I’m kinda just learning as I go. Not reading any running material because I ain’t got time for that kinda deal.

My favorite part of running is getting to listen to some dope ass hip hop music. I have very few to no thoughts while running. The extent of my thought process is: FASTER, JUST A LITTLE BIT LONGER, or like ALMOST THERE. Which makes it sound… sorta sexual. RAWR. Yeah, one wishes running were that fulfilling. Sadly… no.

exercise

After googling some shit and reading this here… it’s looking like running is not in my cards today. I’mma do some of that TABATA. Or, high intensity interval training basically and this is the first time I’ve heard it called tabata training. Plus some yoga. Yoga has been strengthening my core purdy good. And if I do some arm work, the next day my biceps are more defined. After just one day of yoga! It’s magical.

THE FIX… I like that.
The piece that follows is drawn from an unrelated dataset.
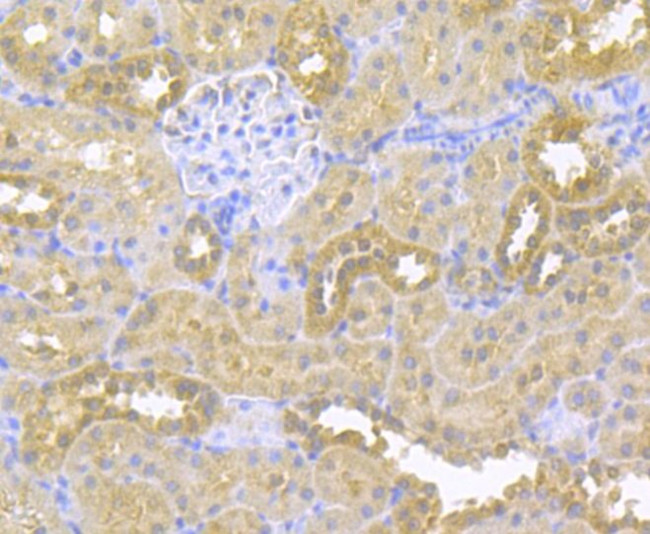 gamma-ENaC Antibody in Immunohistochemistry (Paraffin) (IHC (P))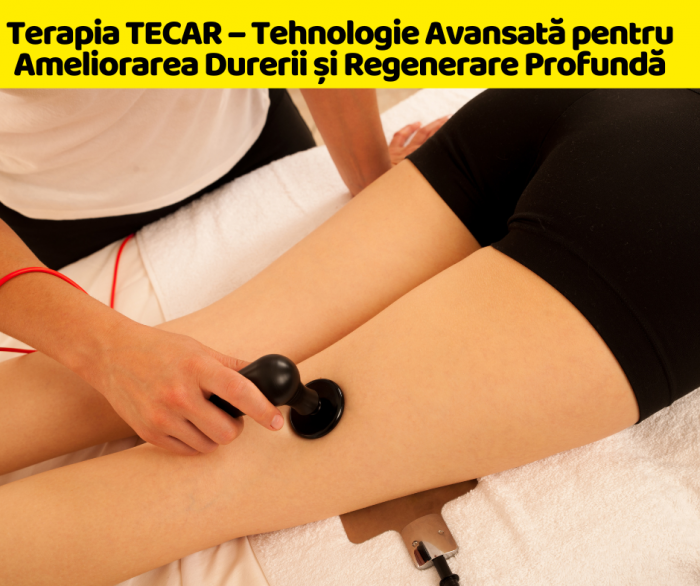 Terapia TECAR – Tehnologie Avansată pentru Ameliorarea Durerii și Regenerare Profundă [2]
It’s recommending longer distances done less frequently. SOOOO like if I can bust out 10k just 3x a week, I’m fucking golden, baby. Then the other 3 days I can do HIIT. Then one day I can fuck around/be like NAH I’mma be lazy. Etc. Because it most definitely happens at least once a week where I’m just like ‘this is not for me today.’

Anyway… I not feel like discussing my emotional woes.

I haven’t even written about my trip to Vegas or what happened last night with BOOK CLUB. But shiiiiiiiiiiiiit book club meeting really rejuvenated my soulllll.

I think this post has served its purpose.